- Logtown Location within Mississippi
- Coordinates: 30°16′59″N 89°37′16″W﻿ / ﻿30.28306°N 89.62111°W
- Country: United States
- State: Mississippi
- County: Hancock
- Elevation: 6.6 ft (2 m)
- Time zone: UTC-6 (Central (CST))
- • Summer (DST): UTC-5 (CDT)
- GNIS feature ID: 672774

= Logtown, Mississippi =

Logtown, Mississippi is a ghost town located in Hancock County, Mississippi. It is one of several ghost towns situated within the 125,000 acre acoustic buffer zone of NASA's John C. Stennis Space Center. It stood along the banks of the Pearl River and had been the site of a very large sawmill and logging community.

==History==
Formerly known as Cabanage Latanier, meaning "palmetto camp", much of the early European history is unknown. The earliest person to own land in the area was Jean Baptiste Rousseve. In 1788, Rousseve was granted 1000 arpens in the area and built a house at what would become Logtown.
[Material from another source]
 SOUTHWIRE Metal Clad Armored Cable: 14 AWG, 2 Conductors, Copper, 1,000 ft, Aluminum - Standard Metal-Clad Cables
In 1805, Rousseve transferred his claim to Joseph Challon, and the Challon name was associated with the town into the twentieth century. As the timber industry built the town into a major population in the nineteenth century, the town was named Logtown.

The town's economy relied on logging and lumber shipping. The first sawmill was built in 1845 by E. G. Goddard of Michigan. In 1889, Henry Weston founded the H. Weston Lumber Company. At the time it was America's largest lumber company, employing 1,200 men, using over 20 barges and four two-masted schooners, and at its peak supporting a community of over 3,000 people.

In 1906, Logtown had a population of 500 and was home to two churches, two stores, and an express mail office.

The H. Weston Lumber Company operated in Logtown until 1930. By then, all of the usable and merchantable lumber had been exhausted, and the town population rapidly declined, along with its industrial importance. By 1961, there were about 250 residents. After the construction of the Stennis Space Center, most of the remaining residents left Logtown.

A post office operated under the name Logtown from 1884 to 1963.

==Today==
Today, the only thing left untouched is the Logtown cemeteries. There are three privately owned family cemeteries with graves dating back as early as the 1850s. Along the Pearl River you can find an artesian well and concrete and brick structures that were once the foundations of some of the buildings. Snaking through the pine and hardwood forest is the Possum Walk Trail, a 3 mile hiking trail stretching in between the Nasa Infinity Science Center and Logtown. Along the trail you can find many signs telling Logtown's history and even see remnants of the historic Dummy Line railroad.